私とノースフェイスの関わりは、遡ること十数年前。学生時代に某ノースフェイス直営店でアルバイトをさせて頂いた事から始まりました。当時は今ほどトレイルランニングはメジャーなスポーツでは無く、ウェアやシューズ、パック等の選択肢が非常に少ない時代でした。また、ノースフェイスショップに訪れるのも30代以上の男性が殆どで、ストリートファッションのジャンルでヌプシジャケットやゴッサマージャケット等のダウン類が人気だったものの、今ほど若年層への認知度はありませんでした。
当時からノースフェイスマニアだった私は、アルバイトの休憩中に古いカタログに目を通すのが楽しくて、バイトの立場ながら商品知識が社員以上というアンバランスな存在になっていたのを覚えています。笑
20歳の頃から十数年。ブランドの変貌をず~っと目の当たりにしてきており、様々なファッションブランドとのコラボやタウンユースラインの充実により、学生の間でBCフューズボックスの様なパックが流行したりして、正直、自分の中で「あれ?ノースフェイス何か変わり過ぎちゃってない?」と思った時もありました。一時は、少し捻くれた目線でブランドを見ていた時があったのも事実です。

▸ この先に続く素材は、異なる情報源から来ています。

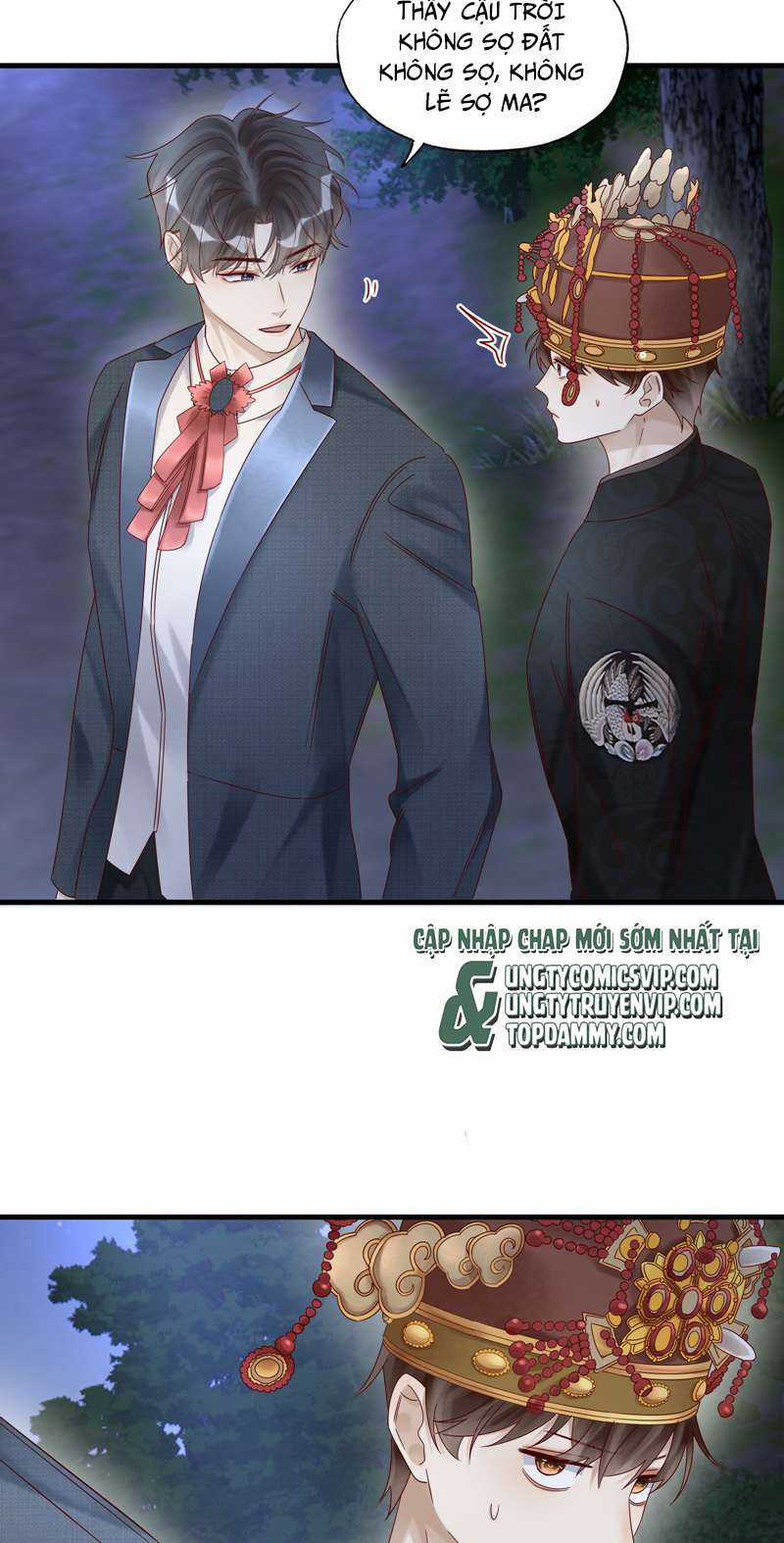 Diễn Giả Làm Thật - Chapter 41 - Trang 13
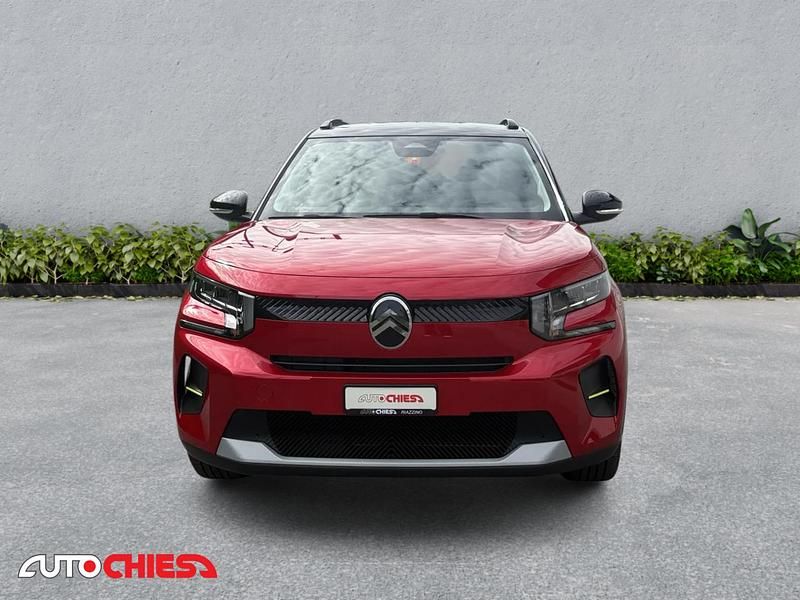 Gebraucht Citroën e-C3 83 kW (113 PS) 2024 Rot Limousine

でも、moderateで働き出してノースフェイスの商品を企画開発している人達と接する機会が出来た時から、私の目線は大きく変わり、昔抱いていたブランドへの憧れが再燃したのです。
どれだけブランドの認知度が上がって、どれだけブランドの服を着ている人やパックを使っている人が増えても、決して変わらないのが「NEVER STOP EXPLORING 」というブランド理念。
飽くなき探求を意味するこの言葉は、自身が歳を重ねるに連れてその重みを感じる言葉でもあります。
今回のブログでは、数あるノースフェイスの製品の中でも機能性に抜群に優れたサミットシリーズを取り扱うショップスタッフが一同に集まり開催されたSUMMIT DEALER MEETINGの様子を書かせて頂きます。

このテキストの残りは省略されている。